When I'm fixing UI, what I want to do is simple. I want to look at the screen and say "here, this, like this." With a person, I'd just point at the monitor and say "tighten up the spacing on this button" and that's it. But with an agent, that doesn't work. I have to write in text: "the spacing on the button in the second section below the header is too wide." In my head, I can see exactly where it is, but the moment I put it into words, the positional information gets blurred. The agent interprets that hazy description in its own way, gets it wrong, I explain again—and we repeat. This was the bottleneck.
Even between people, words are only one part of how we communicate. When we're in the same room, we use gestures, eye contact, facial expressions, and tone all at once. We say "here" while pointing with a finger, and when the other person tilts their head in confusion, we elaborate. Because we can read from their reaction that the message didn't land, communication gets corrected in real time.
With agents, none of these means exist. Since you have to pack location, context, intent, and priority into a single text message, the cost of writing precise instructions becomes abnormally high. This is one reason why fixing it yourself is sometimes faster.
In the previous post, I said the problem was "what goes unspecified." Go one step deeper, and there are things you want to specify but can't easily put into words.
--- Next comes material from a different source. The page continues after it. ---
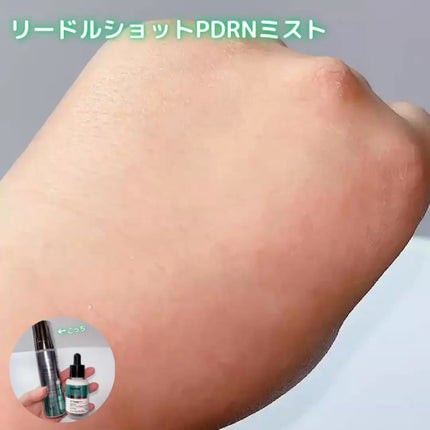 リードルS PDRN+ セラム/VT/美容液を使ったクチコミ(4枚目)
Visual location is a prime example. Without knowing the file path or component name, accurately referring to "that thing on the screen" in text is harder than you'd think.
I recently tried a tool called Agentation. In the browser, you hover over the UI element you want to fix, select it with a shortcut key, and it automatically captures the element's class name, selector, and component hierarchy. Attach a note like "reduce the padding" and it becomes structured context the agent can immediately understand. The work of translating what you see on screen into a location in code—the work I used to do myself—the tool does it for me.
What I realized using it was that it wasn't that I was bad at explaining. The medium of text itself was too narrow to carry visual context. When the tool changed, the quality of communication changed.
Looking at how agent tools are evolving today, most focus on improving the agent's capabilities. Larger context windows, better code comprehension, more accurate execution. These matter, of course—but no matter how smart agents get, if text is the only channel for conveying intent, the bottleneck remains.
We need more tools like Agentation that convert visual context into structured data. Widening the means by which humans convey intent is a problem that carries the same weight as improving the agent's capabilities.
Working well with agents requires two things moving in tandem: the ability to structure your intent, and the breadth of means available to convey it. The former is the human's job, the latter is the tooling's job. We're at the point where the tooling's job matters just as much.